Questa azione infatti non si poteva fare. Le bici e i loro componenti si potevano riparare, ma non sostituire. Eugene Christophe si ricostruì la forcella durante un Tour de France sotto gli occhi del giudice, tanto per dire.

Questa sostituzione in qualche modo mette le ali a Brunero. Il corridore della Legnano arriva a Padova con oltre 15′ di vantaggio su Belloni. La Bianchi di Girardengo protesta e l’UVI (la Federazione non esisteva, c’è era l’Unione Velocipedistica Italiana) infligge 25′ di penalità a Brunero.

Rivincita Girardengo 

Questa penalità però non era sufficiente secondo i dirigenti della Bianchi. La polemica proseguì. E alla fine la Bianchi ottenne almeno che Brunero corresse sub iudice.

Costante Girardengo era un mastino. Non a caso fu il primo Campionissimo della storia. Se si contassero tutte le sue vittorie, anche quelle su pista quasi doppierebbe Merckx. Si stima siano oltre mille. Il dato certo è difficile da stabilire. Anche perché non tutte erano gare “ufficiali”. 

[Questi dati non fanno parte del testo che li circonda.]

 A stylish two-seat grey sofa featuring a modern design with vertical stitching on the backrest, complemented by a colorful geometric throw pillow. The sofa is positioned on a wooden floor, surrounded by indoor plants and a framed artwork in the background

Dopo aver mangiato riso, uova e carne bianca (Girardegno era un maniaco dell’alimentazione), due giorni dopo Girardengo approfittò delle sue grandi doti di passista e pistard. Mise tutti in fila in volata nella Padova-Portorose, che oggi si troverebbe in Slovenia. Tuttavia questa sua cavalcata non bastò a togliere la laedership al compagno Belloni, mentre Brunero, con la penalità dei 25′ era quarto.

Ritiro Bianchi

La terza frazione va a Belloni. Non cambia nulla nella generale, ma ecco che prima della quarta tappa, la Bologna-Pescara, arriva la sentenza: Brunero può correre. E’ confermata la penalità dei 25′, ma su di lui non pendono altre accuse. La Bianchi non ci sta e si ritira. E la stessa cosa fa la Maino.

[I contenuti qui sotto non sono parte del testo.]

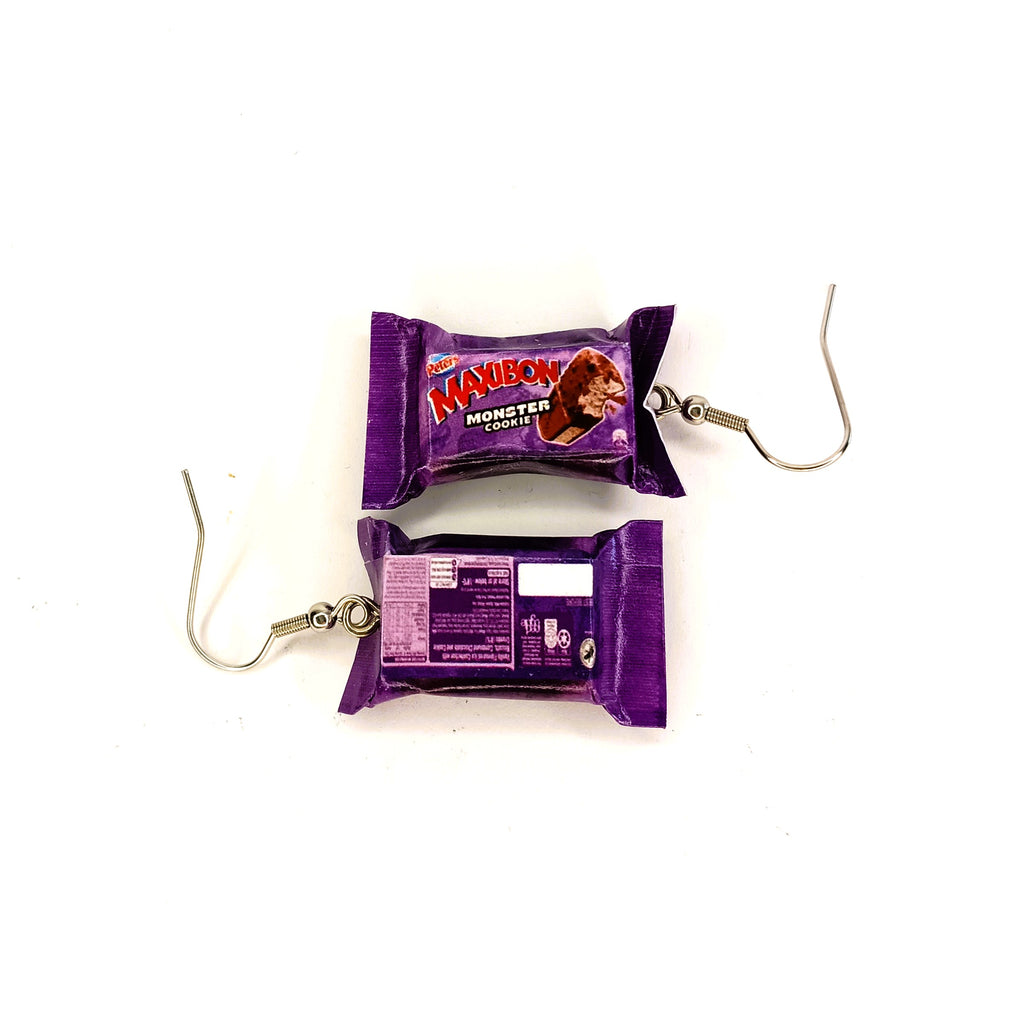 A pair of novelty earrings designed to look like miniature ice cream bars, featuring purple wrappers with 'Maxibon Monster Cookie' branding and silver-tone hook clasps, shown on a plain white background.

Brunero, che comunque non era uno sprovveduto visto che era il campione uscente del Giro e aveva già vinto gare come la Milano-Sanremo pochi mesi prima (proprio su Girardengo), plana verso la conquista del Giro. Corre da dominatore e se la vede con il bravo Bartolomeo Aymo, ricordato anche da Ernest Hemingway in Addio alle Armi.

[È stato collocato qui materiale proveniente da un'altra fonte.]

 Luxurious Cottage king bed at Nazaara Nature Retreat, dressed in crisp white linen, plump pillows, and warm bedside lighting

Controlla Aymo nell’appenninica Pescara-Napoli, dove si scalano il Macerone e anche il Piano della Cinque Miglia e fa il diavolo a quattro in una delle tappe più lunghe, la Roma-Firenze di 319 chilometri. E’ proprio salendo verso Radicofani che di fatto vince il Giro. Stacca tutti in salita e vola attraverso la Val d’Orcia, il Chianti e arriva a Firenze con quasi 4′ su Aymo. E’ il nuovo leader del Giro. 

Ma a quel tempo, nulla poteva essere dato per certo. Un guasto poteva essere fatale. E qualche rischio Brunero lo corse. Accadde nella nona e penultima tappa, ma stava talmente bene che alla fine arrivò a Torino con appena 22” di ritardo da Aymo. Per suggellare il trionfo schiacciò tutti nella tappa finale, infliggendo allo stesso Aymo altri 6′.

Girardengo (a sinistra) e Brunero: la rivalità si accese già alla Sanremo persa clamorosamente allo sprint da Costante che era velocissimo
Girardengo (a sinistra) e Brunero: la rivalità si accese già alla Sanremo persa clamorosamente allo sprint da Costante che era velocissimo

Radici di una rivalità

Quel che accadde in quel decimo Giro d’Italia fu un fatto che col tempo chiaramente si affievolì, ma si può dire che una buona fetta della rivalità tra Legnano e Bianchi nacque in quel Giro. Quella “non squalifica” di fatto fu il germe del derby tra le due case. Bartali e Coppi non potevano che militare in queste due squadre.

Girardengo (Bianchi) non l’aveva mandata giù. E Brunero (Legnano) non si era certo abbandonato agli eccessi di fair play che si vedono oggi. Pagata la sua penalità andò avanti a testa alta. 

Ma la rivalità Bianchi-Legnano è scoppiata. L’anno dopo, 1923, proprio Brunero e Girardengo, tra l’altro entrambi piemontesi, il primo torinese, il secondo alessandrino, se le danno di santa ragione.

Brunero, più scalatore, prova a metterlo in difficoltà sulle rampe di nuovo del Macerone. Costante tiene botta e di fatto non corre più rischi. Alla fine la spunterà Girardengo per soli 37”, un niente per il ciclismo di quell’epoca, vincendo ben otto delle dieci tappe in programma.